Obecna rewolucja PiS-u, związana m.in. z programem 500+ i rządowej polityki Dobrej Zmiany oraz Odpowiedzialnego Rozwoju, ma na celu częściowe przynajmniej odwrócenie dotychczasowych negatywnych ekonomicznych tendencji: skrajnego rozwarstwienia wśród Polaków oraz silnego ubóstwa wśród znacznej części naszego społeczeństwa. Ciekawe, że nawet przeciwnicy obecnych władz niekiedy przyznają że to właśnie bieda, rozwarstwienie społeczne i brak perspektyw zmusiły dużą cześć Polaków do emigracji, głównie do Wielkiej Brytanii, ale starają się okraszać to usprawiedliwieniami w rodzaju ‘Tak być musiało’ albo ‘Tak po prostu wyszło’.

Kiedy przychodzi do pytań ‘Czy tak być miało?’, moim niezmiennie ulubionym cytatem jest wypowiedź Leszka Balcerowicza z 1987 r.: 'Myślę że gospodarka polska w takich sprzyjających warunkach przypominałaby włoską. Nie skandynawską np., gdzie wszystko jest raczej uporządkowane, lecz właśnie włoską, gdzie jest dużo dynamizmu, dużo też obchodzenia przepisów – ale rozwój zdecydowany.' dla Miesięcznika 'Przegląd Organizacji' 1987-8, NR 8 (571) 1987 r., (zob: 'Zbyt wiele niejasności' – rozmowa z dr Leszkiem Balcerowiczem o tezach w sprawie II etapu – rozmawia Juliusz Rawicz, str. 13-16). 

Wypowiedź ta potwierdza, że ostateczny kształt polskiego ‘kapitalizmu’ był zdecydowany jeszcze długo przed Okrągłym Stołem, i miał polegać na zaplanowanym chaosie, obchodzeniu przepisów, a docelowo na zbudowaniu oligarchicznego i niesprawiedliwego systemu gospodarczego, gdzie profity i władzę będzie miała wybrana wąska grupa beneficjentów, wywodzących się z PZPR-u oraz dokooptowanej ‘rozsądnej’ części liderów ‘Solidarności’ i tzw. doradców.  

Przez znaczną cześć istnienia III RP ten dysfunkcyjny model społeczno-gospodarczy jakoś funkcjonował – propaganda głosiła budowę ‘prawdziwego kapitalizmu’, ale w wersji znanej z ideologicznej perspektywy marksistowskiej: Kapitalizm do wyzysk człowieka przez człowieka.

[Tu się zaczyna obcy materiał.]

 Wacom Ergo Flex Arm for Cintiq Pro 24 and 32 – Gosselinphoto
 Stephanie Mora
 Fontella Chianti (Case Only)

Ponieważ przeważająca większość Polaków nie miała pojęcia jak wygląda normalny system wolnorynkowy, gdzie oprócz wolnego rynku państwo i samorządy dbają także o infrastrukturę czyli drogi i kolej, szkolnictwo, służbę zdrowia, sprawy społeczne i socjalne, etc. – dlatego propagandyści III RP bezkarnie mogli wmawiać, że w ‘prawdziwym kapitalizmie za wszytko się płaci’, a jakakolwiek działalność związkowa czy w ogóle wspólnotowa to ‘socjalizm’. Skutkowało to m.in. wprowadzaniem kolejnych opłat i płatności, np. w szkolnictwie czy systemie opieki zdrowotnej, ale nie związane było to z jednoczesną obniżką podatków czy ew. równoważącą wprowadzane odpłatności podwyżką pensji. PiS-wski bunt społeczny wynikł z prostej obserwacji, że w Polsce ‘realnego kapitalizmu’ płace były nadal ‘wschodnioeuropejskie’ czyli niskie, natomiast ceny i opłaty coraz bardziej ‘zachodnie’ – czyli stale rosnące. 

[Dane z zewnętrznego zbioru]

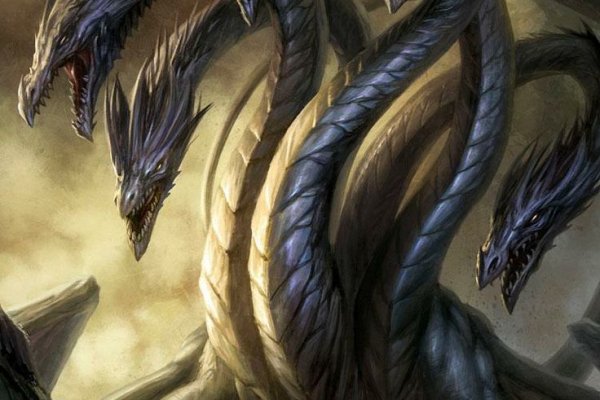 Kraken актуальное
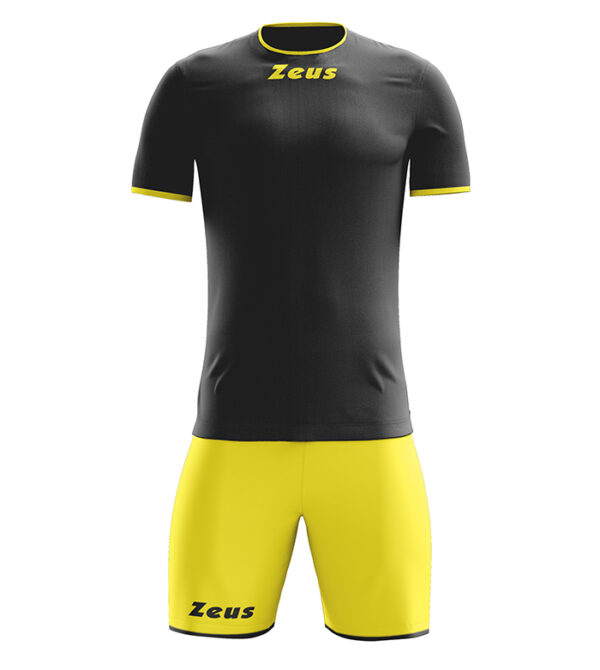 10 KIT ZEUS STICKER - immagine 12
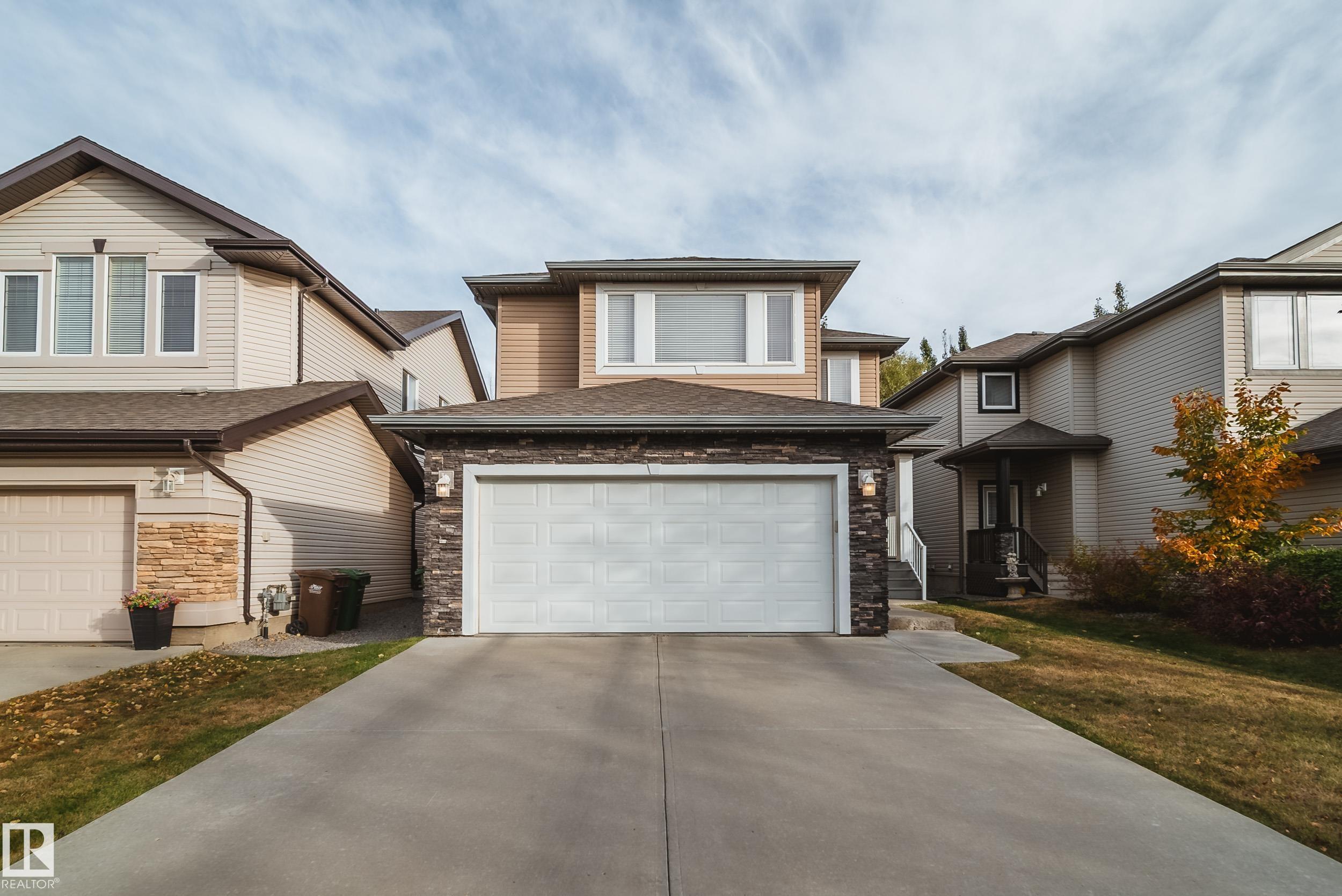 15 Norwood Close, North Ridge, St. Albert 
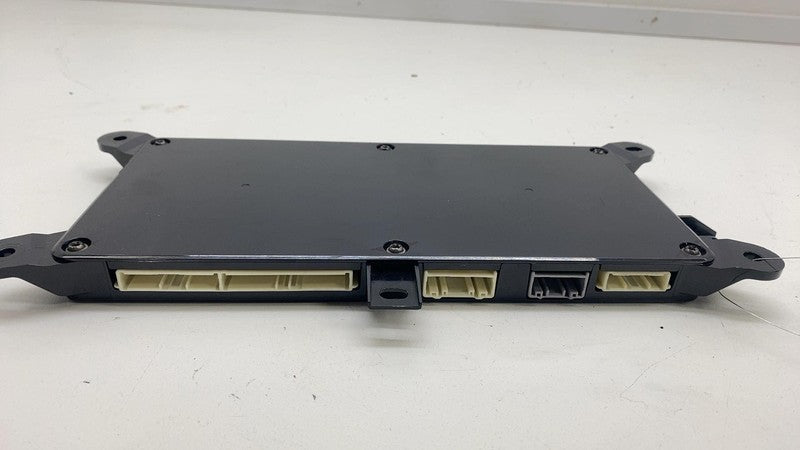 104390000E ⭕ 2016-2020 Tesla Model X Rear Body Chassis Control Module BCM TSTD 1043900-00-E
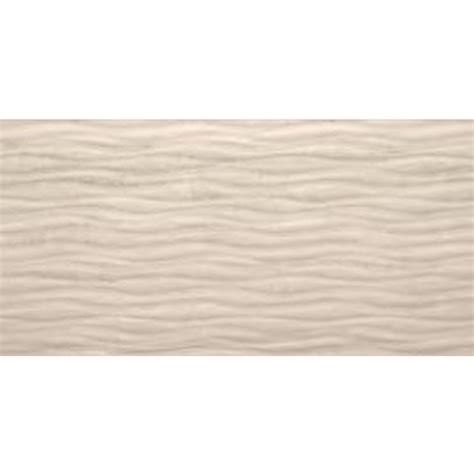 Ebur Decoro Wavy X Cm Mat Profondeur Mm Carreaux De Gr S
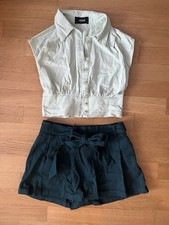 Süßes Grünes Set von Cider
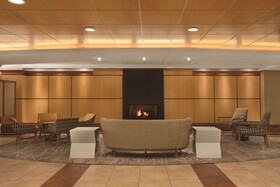DoubleTree by Hilton Providence Airport Warwick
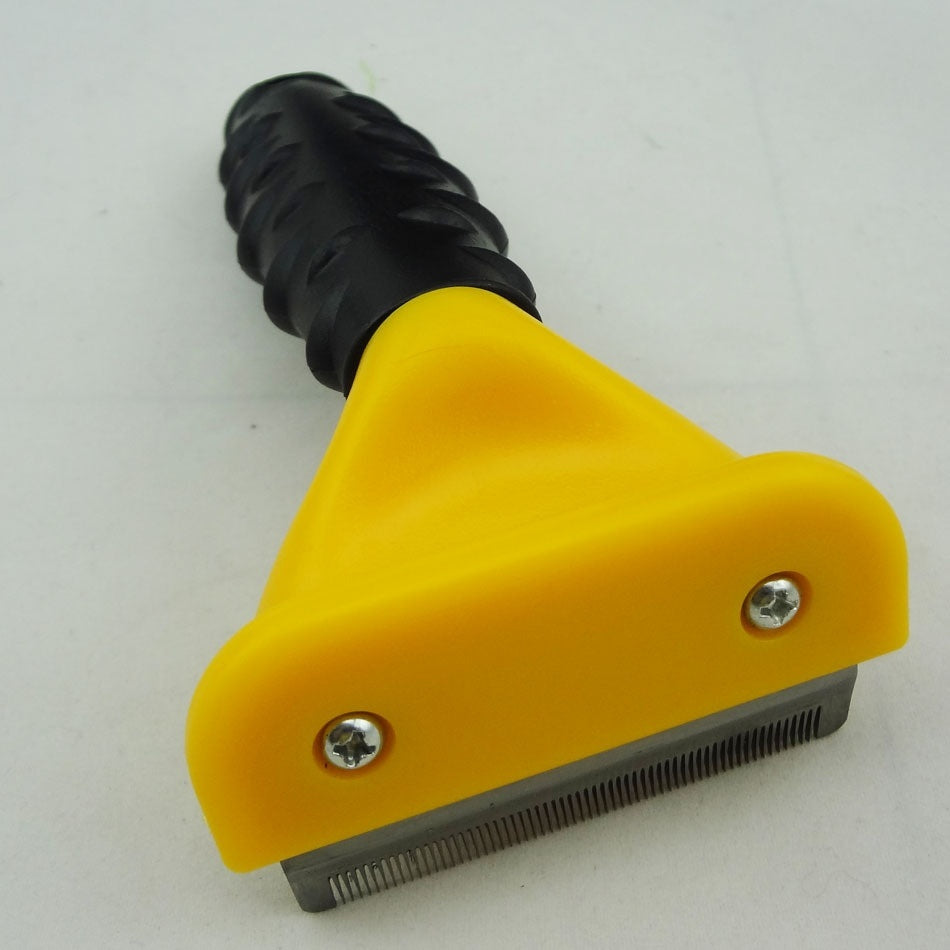 Pet Shop Cleaning And Beauty Supplies Dog Hair Fading Hair Removal Comb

Dopiero konfrontacja z realnym wolnym rynkiem - głównie dzięki masowej emigracji na tzw. Zachód, a przede wszystkim do Wielkiej Brytanii - uświadomiła milionom zwykłych Polaków kłamstwo polskich ‘liberałów’. Otóż okazało się że można zarówno dobrze zarabiać, oraz równocześnie mieć normalne i funkcjonujące służby publiczne, takie jak szkolnictwo, służba zdrowia czy opieka społeczna, gdyż w normalnym demokratycznym i wolnorynkowym państwie nie są one ‘miazmatami socjalizmu’ czy ‘przejadaniem bogactwa’, a normalną częścią infrastruktury społecznej i najzwyczajniejszego w świecie inwestowania państwa we własnych obywateli.

A dobry rząd to bynajmniej nie ten który ‘robi jak najmniej’ czy 'państwo stróż nocny', tylko ten który właściwie i w odpowiedni sposób zarządza krajem i jego zasobami, czyli dokładnie tak jak robi to sprawny ‘kapitalistyczny’ menager, w odpowiedni sposób zarządzający powierzonym mu majątkiem.